===== Provided material

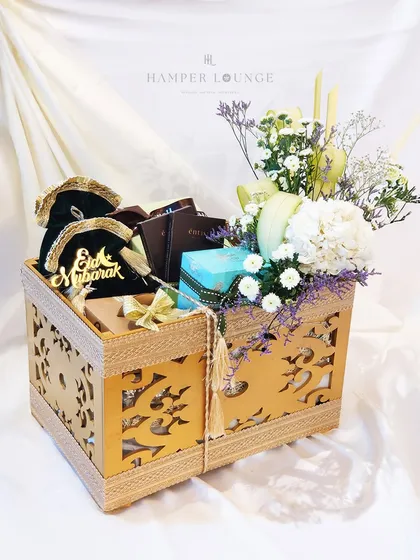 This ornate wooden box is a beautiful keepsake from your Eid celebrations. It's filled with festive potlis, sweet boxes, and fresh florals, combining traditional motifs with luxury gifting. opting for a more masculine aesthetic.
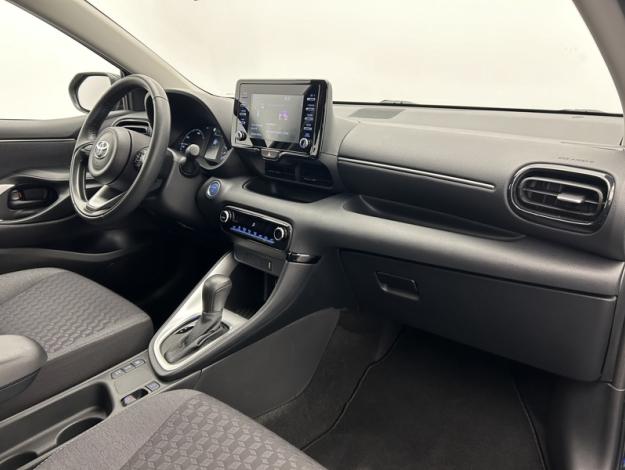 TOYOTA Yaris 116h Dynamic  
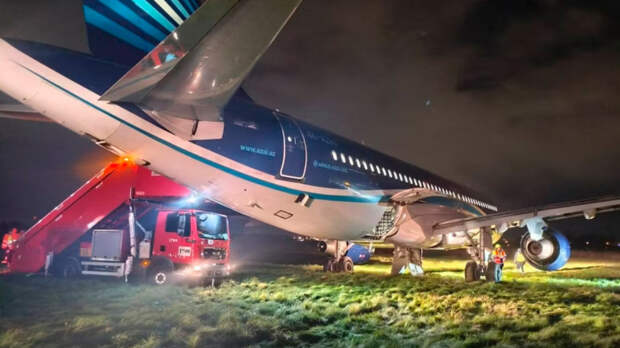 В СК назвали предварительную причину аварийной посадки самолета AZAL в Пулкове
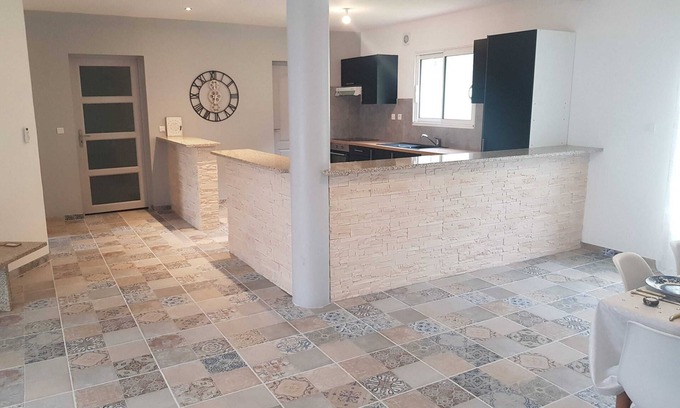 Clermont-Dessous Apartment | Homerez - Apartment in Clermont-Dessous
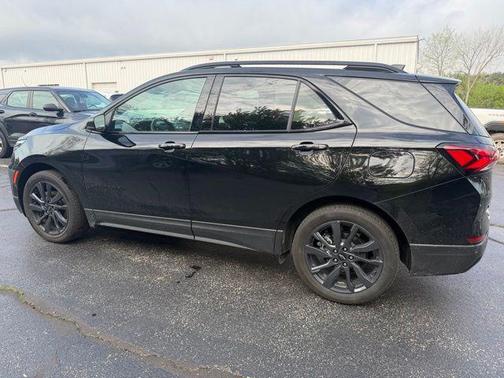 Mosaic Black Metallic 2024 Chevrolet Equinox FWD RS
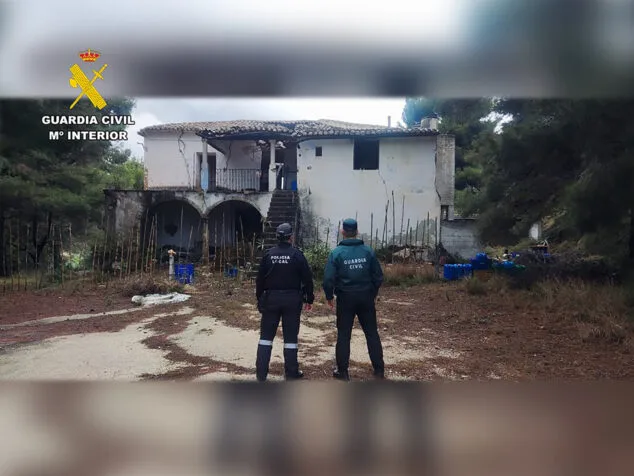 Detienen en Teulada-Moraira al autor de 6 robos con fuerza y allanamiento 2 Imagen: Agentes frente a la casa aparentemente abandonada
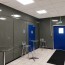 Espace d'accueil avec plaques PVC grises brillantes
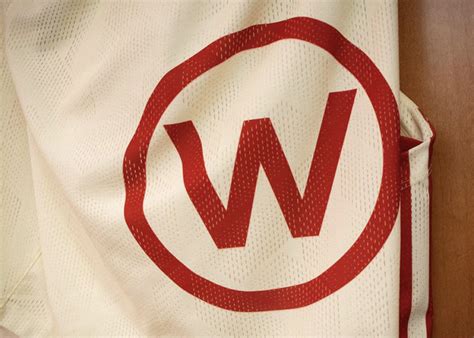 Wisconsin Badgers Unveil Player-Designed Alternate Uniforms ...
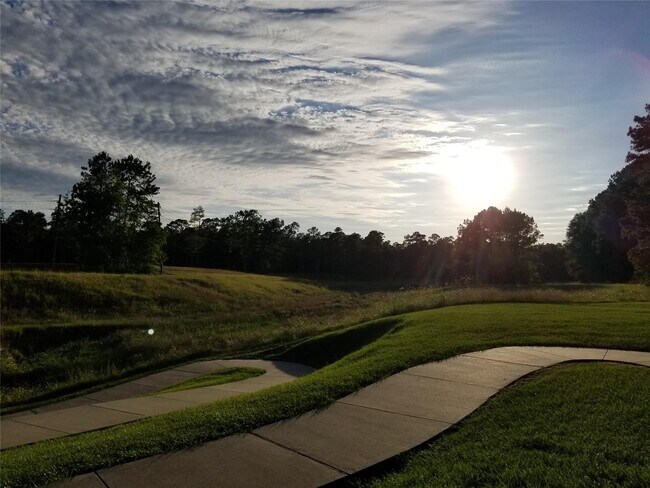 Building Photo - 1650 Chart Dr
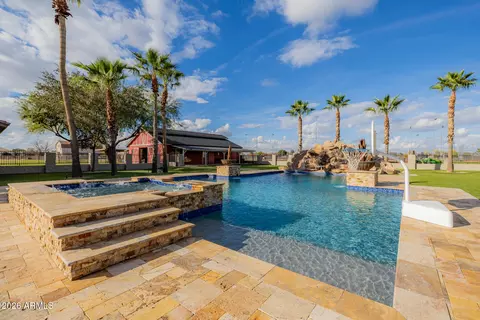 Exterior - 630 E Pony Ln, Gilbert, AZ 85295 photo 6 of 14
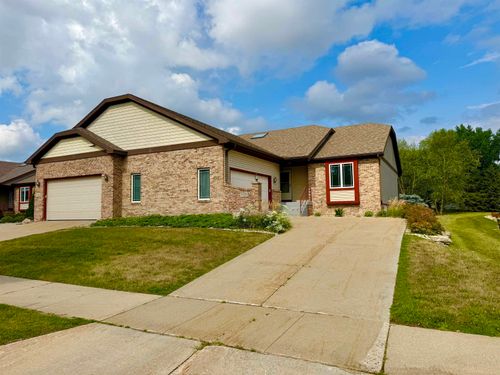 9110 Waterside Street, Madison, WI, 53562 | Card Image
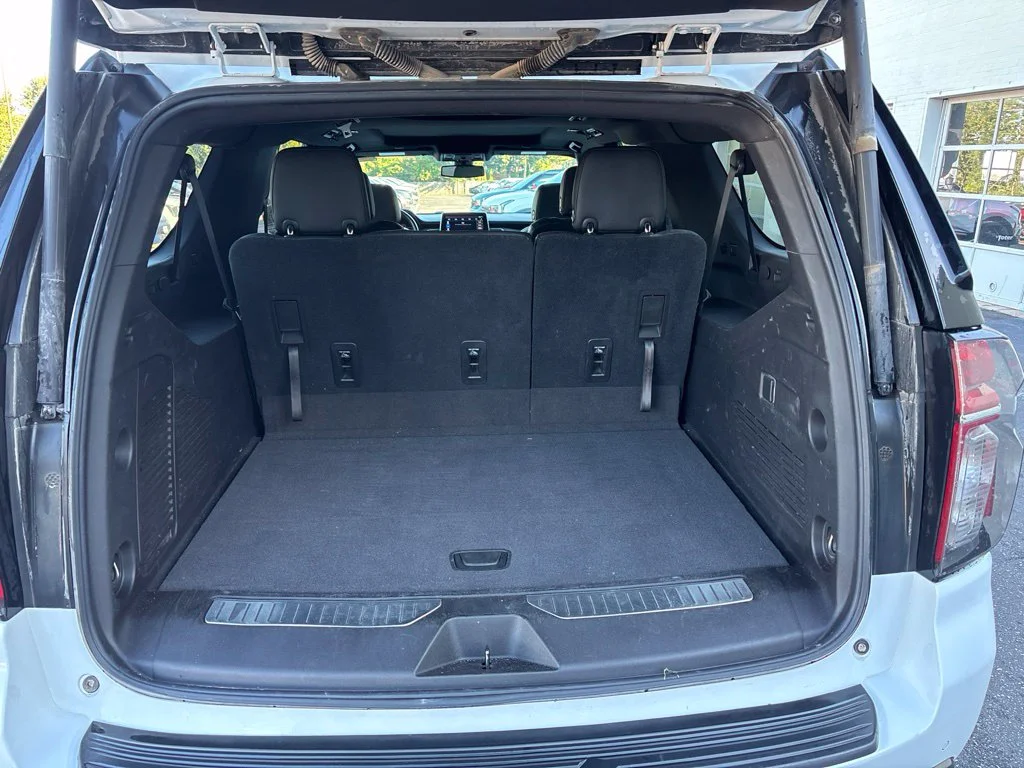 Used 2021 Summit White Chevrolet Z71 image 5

==========

Give back, word for word, the lines from the line that contains "TOYOTA Yaris 116h Dynamic" through the last line of the records, with no pictures and nothing else.

 TOYOTA Yaris 116h Dynamic  
 В СК назвали предварительную причину аварийной посадки самолета AZAL в Пулкове
 Clermont-Dessous Apartment | Homerez - Apartment in Clermont-Dessous
 Mosaic Black Metallic 2024 Chevrolet Equinox FWD RS
 Detienen en Teulada-Moraira al autor de 6 robos con fuerza y allanamiento 2 Imagen: Agentes frente a la casa aparentemente abandonada
 Espace d'accueil avec plaques PVC grises brillantes
 Wisconsin Badgers Unveil Player-Designed Alternate Uniforms ...
 Building Photo - 1650 Chart Dr
 Exterior - 630 E Pony Ln, Gilbert, AZ 85295 photo 6 of 14
 9110 Waterside Street, Madison, WI, 53562 | Card Image
 Used 2021 Summit White Chevrolet Z71 image 5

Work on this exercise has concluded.